Hi Alan,
I have been assigned the issue 51772, Quotes in Hebrew workbreaking
don't work during spellcheck, I will work with Writer team to fix it in
next release.
Thanks,
Karl.
On 2008年11月07日 02:48, Alan Yaniger wrote:
Hi Karl,
Thanks for you help and your patience. Your solution helps regarding
work-breaking when I travel between words with Ctrl-Arrow Left and
Ctrl-Arrow Right. The word L"HZ is treated as one word in this
respect. However, regarding spellchecking it is still split into two
words at the quote mark. I was able to overcome this only with the
following patch to the function endOfScript():
--- breakiteratorImpl.cxx 14 Aug 2008 16:27:31 -0000 1.27.8.1
+++ breakiteratorImpl.cxx 7 Nov 2008 10:39:26 -0000
@@ -301,7 +301,8 @@
sal_Int32 strLen = Text.getLength();
sal_uInt32 ch=0;
while(iterateCodePoints(Text, nStartPos, 1, ch) < strLen ) {
- sal_Int16 currentCharScriptType = getScriptClass(ch);
+ sal_Int16 currentCharScriptType = ch == 0x22 ?

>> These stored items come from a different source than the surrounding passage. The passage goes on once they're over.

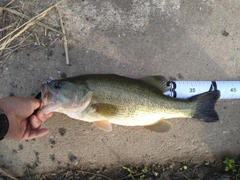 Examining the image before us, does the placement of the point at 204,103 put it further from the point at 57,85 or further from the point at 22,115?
the point at 22,115

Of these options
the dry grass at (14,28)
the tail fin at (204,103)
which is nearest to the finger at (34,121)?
the dry grass at (14,28)

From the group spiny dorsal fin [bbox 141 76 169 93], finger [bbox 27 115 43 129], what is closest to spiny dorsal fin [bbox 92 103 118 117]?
spiny dorsal fin [bbox 141 76 169 93]

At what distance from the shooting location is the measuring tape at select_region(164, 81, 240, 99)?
332 centimetres

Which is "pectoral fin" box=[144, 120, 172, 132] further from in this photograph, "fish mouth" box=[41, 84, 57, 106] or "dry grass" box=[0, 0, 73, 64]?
"dry grass" box=[0, 0, 73, 64]

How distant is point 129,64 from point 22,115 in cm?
143

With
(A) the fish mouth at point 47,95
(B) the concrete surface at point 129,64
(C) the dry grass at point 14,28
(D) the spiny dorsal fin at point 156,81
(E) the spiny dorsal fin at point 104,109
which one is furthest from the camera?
(B) the concrete surface at point 129,64

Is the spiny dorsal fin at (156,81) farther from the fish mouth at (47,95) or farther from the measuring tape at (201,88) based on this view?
the fish mouth at (47,95)

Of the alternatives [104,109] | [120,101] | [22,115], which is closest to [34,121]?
[22,115]

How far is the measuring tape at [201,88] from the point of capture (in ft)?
10.9

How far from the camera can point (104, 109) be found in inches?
112

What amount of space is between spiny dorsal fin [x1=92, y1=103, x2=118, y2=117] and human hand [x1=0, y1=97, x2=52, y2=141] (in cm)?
58

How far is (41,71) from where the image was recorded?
10.9 feet

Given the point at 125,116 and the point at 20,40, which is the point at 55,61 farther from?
the point at 125,116

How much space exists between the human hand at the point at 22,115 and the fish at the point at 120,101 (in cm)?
13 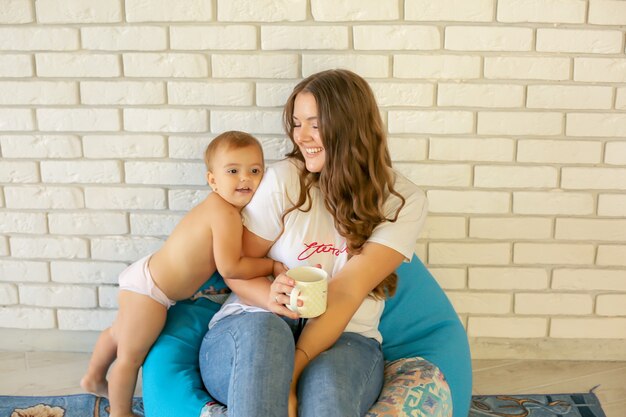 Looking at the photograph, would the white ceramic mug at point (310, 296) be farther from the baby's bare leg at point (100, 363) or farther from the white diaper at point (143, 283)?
the baby's bare leg at point (100, 363)

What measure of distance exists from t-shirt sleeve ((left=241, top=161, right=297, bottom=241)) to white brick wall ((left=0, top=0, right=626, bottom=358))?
0.49m

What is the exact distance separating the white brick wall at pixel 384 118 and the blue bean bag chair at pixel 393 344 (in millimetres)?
342

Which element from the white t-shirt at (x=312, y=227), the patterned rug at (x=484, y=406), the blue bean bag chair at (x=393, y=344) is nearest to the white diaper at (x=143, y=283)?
the blue bean bag chair at (x=393, y=344)

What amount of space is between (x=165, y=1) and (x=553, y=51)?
1350 mm

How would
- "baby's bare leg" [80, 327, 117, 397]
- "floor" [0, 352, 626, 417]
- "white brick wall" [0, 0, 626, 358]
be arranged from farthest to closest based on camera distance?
"floor" [0, 352, 626, 417], "white brick wall" [0, 0, 626, 358], "baby's bare leg" [80, 327, 117, 397]

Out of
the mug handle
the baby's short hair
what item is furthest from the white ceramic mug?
the baby's short hair

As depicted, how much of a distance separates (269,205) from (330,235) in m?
0.20

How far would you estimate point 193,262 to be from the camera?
2127 mm

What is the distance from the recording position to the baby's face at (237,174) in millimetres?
2045

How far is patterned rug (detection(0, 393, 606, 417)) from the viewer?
2.38 m

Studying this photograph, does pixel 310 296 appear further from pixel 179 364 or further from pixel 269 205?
pixel 179 364

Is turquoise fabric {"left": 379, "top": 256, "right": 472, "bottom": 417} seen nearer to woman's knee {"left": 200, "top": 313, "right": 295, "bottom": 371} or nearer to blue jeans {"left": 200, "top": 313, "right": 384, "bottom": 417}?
blue jeans {"left": 200, "top": 313, "right": 384, "bottom": 417}

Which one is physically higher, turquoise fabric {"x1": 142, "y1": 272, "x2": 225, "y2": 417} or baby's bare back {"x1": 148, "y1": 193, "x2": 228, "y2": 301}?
baby's bare back {"x1": 148, "y1": 193, "x2": 228, "y2": 301}

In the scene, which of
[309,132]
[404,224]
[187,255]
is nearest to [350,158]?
[309,132] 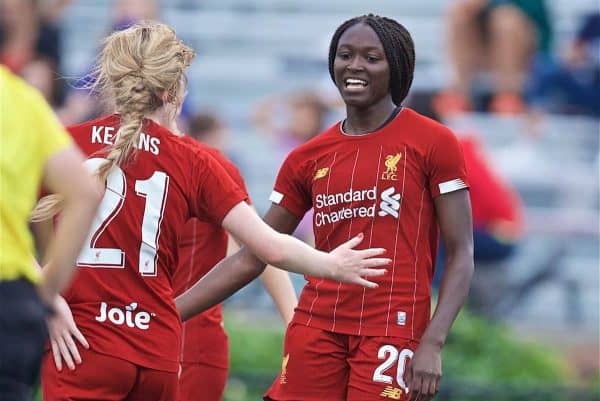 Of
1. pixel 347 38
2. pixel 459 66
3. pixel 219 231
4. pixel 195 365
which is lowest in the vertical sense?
pixel 195 365

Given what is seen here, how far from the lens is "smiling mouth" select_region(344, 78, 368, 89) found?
550 cm

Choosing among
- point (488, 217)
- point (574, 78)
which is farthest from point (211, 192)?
point (574, 78)

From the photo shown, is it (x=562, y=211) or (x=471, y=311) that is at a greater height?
(x=562, y=211)

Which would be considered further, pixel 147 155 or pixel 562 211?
pixel 562 211

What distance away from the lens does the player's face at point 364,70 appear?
217 inches

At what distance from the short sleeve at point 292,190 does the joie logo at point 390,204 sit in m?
0.41

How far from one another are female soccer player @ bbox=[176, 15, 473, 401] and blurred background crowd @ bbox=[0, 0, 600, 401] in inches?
183

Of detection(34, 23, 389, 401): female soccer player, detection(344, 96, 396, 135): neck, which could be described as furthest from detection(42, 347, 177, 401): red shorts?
detection(344, 96, 396, 135): neck

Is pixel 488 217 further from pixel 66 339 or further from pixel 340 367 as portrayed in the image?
pixel 66 339

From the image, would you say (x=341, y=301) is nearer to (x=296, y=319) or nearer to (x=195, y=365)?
(x=296, y=319)

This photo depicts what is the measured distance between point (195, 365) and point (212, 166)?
51.4 inches

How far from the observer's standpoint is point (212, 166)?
5301mm

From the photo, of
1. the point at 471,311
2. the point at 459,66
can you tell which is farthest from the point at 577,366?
the point at 459,66

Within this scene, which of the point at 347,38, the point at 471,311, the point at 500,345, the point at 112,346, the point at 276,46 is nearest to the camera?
the point at 112,346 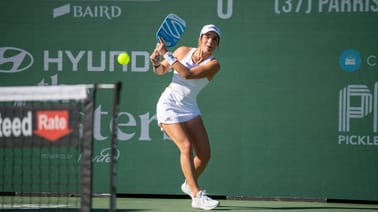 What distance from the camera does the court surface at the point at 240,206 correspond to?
669 centimetres

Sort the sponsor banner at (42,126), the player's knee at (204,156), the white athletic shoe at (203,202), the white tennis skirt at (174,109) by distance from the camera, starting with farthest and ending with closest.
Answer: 1. the player's knee at (204,156)
2. the white tennis skirt at (174,109)
3. the white athletic shoe at (203,202)
4. the sponsor banner at (42,126)

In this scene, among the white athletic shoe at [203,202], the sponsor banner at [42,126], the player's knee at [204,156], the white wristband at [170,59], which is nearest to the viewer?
the sponsor banner at [42,126]

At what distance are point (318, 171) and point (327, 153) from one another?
19 cm

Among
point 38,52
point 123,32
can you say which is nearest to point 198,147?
point 123,32

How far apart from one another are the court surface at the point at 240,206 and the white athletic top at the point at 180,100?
78cm

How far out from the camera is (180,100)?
258 inches

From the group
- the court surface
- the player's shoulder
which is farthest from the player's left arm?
the court surface

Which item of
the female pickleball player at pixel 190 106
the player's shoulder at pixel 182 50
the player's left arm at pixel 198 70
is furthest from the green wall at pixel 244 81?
the player's left arm at pixel 198 70

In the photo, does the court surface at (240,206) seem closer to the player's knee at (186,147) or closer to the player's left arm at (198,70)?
the player's knee at (186,147)

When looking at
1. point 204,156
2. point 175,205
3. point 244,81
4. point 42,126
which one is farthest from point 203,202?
point 42,126

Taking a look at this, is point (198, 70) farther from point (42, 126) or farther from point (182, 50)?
point (42, 126)

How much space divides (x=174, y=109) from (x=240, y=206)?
1082 millimetres

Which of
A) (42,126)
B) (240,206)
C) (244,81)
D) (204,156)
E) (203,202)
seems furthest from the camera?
(244,81)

ScriptType::WEAK : getScriptClass(ch);
if(ScriptType != currentCharScriptType &&
currentCharScriptType != ScriptType::WEAK)
break;
}
It seems that the quotation mark has script type LATIN, and regarding
spellchecking, the script change from Complex to Latin overrides the
work-breaking rule I've set in data/dict_work_he.txt.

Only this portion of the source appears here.